----- Records provided -----

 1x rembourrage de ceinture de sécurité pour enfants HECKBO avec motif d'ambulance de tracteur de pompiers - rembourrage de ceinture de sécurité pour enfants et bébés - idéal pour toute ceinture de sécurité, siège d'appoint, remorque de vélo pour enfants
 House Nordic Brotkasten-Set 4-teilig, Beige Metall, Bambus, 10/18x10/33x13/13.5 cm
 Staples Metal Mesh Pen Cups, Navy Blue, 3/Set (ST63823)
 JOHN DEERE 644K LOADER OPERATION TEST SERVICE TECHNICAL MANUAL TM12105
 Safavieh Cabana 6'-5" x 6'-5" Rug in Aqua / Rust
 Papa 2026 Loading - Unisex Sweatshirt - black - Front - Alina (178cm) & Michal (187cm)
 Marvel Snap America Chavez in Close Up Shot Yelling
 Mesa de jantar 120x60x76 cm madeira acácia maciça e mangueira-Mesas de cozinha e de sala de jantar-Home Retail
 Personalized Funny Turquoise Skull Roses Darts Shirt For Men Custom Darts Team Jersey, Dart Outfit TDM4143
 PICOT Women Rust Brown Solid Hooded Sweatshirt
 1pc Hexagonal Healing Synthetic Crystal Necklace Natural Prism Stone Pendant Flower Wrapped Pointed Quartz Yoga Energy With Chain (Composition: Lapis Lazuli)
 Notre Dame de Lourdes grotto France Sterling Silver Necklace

-----

◆ Exercise instructions: Restate word for word the entries above from the line with "Mesa de jantar" through the line with "PICOT Women Rust", inclusive, leaving out everything else.

◆ Answer to this problem:
 Mesa de jantar 120x60x76 cm madeira acácia maciça e mangueira-Mesas de cozinha e de sala de jantar-Home Retail
 Personalized Funny Turquoise Skull Roses Darts Shirt For Men Custom Darts Team Jersey, Dart Outfit TDM4143
 PICOT Women Rust Brown Solid Hooded Sweatshirt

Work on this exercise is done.